I moderated the Mayor’s Debate between Bob Filner and Carl DeMaio shortly before their August 2012 election. It was a brawl. Filner was rude and insulting and avoided answering my questions. He consistently blasted his favorite whipping boy, Doug Manchester, and tied DeMaio to Manchester and the good ol’ boys Downtown. DeMaio wasn’t much better answering questions. Both answered the questions they wanted asked or picked part of mine and answered that. DeMaio entered our small church with a parade of followers, carrying signs and chanting. I thought this was out of place, like he was walking into a Hare Krishna Convention. Filner stepped into the ring alone, shadow boxing. Before we started the presentation and to loosen things up, I told DeMaio I wanted him to tell a joke. “I can’t tell a joke! I don’t know any jokes,” he almost whined. I said he must remember a joke from second grade or could ask one of the younger members of his parade group. “I can’t tell a joke,” he repeated. I scrapped the idea. Filner might have told a dirty one.
Toward the end of the questions that night, I asked each candidate what they did for fun. Filner lowered his gloves for one minute and told us he read, listened to music and hiked. DeMaio said he only loved to campaign. I left the church thinking that for a major city like San Diego, we didn’t have much to choose from for mayor, and we sure were not going to laugh much. I voted for Filner. OK, hit me.

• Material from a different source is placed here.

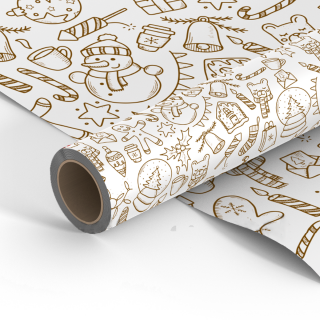 Bobina Greaseproof Navidad Marrón Bravuu x50mt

Mike Aguirre, David Alvarez and Nathan Fletcher showed for our Oct. 17 Forum. “Forum” to make the event more civilized. Kevin Faulconer didn’t come due to a conflict—one that several people in the audience attended and arrived before the debate started. What a refreshing change! Our three candidates were funny, relaxed, professional and respectful. No low blows, no blows at all except that Alvarez looks like he just graduated from high school, Fletcher flip-flops from one party to another and Aguirre was a one-issue candidate demonizing the outrageous city pensions—still.
The three candidates joked around. When I asked them what they did to have fun, Alvarez cracked he liked to read the negative articles about Fletcher in the Union Trib. After Darryl Kistler, the church minister stared at the three men in suits across the room and articulately challenged them to undo all the harm done by Filner, no matter who won. Fletcher began his opening two minutes with, “Boy I am glad he is not running for mayor.” Aguirre maintained his perfect record to immediately stop talking whenever the timekeeper raised her red stop sign often with hilarious results. This is a good group. Although I was ticked off Faulconer didn’t show, I know he is a solid candidate as well.
I told the audience as we ended the program that no matter which candidate won the election, including the no show Faulconer, “we are in for a huge upgrade.”
We are, so remember to vote on Nov. 19.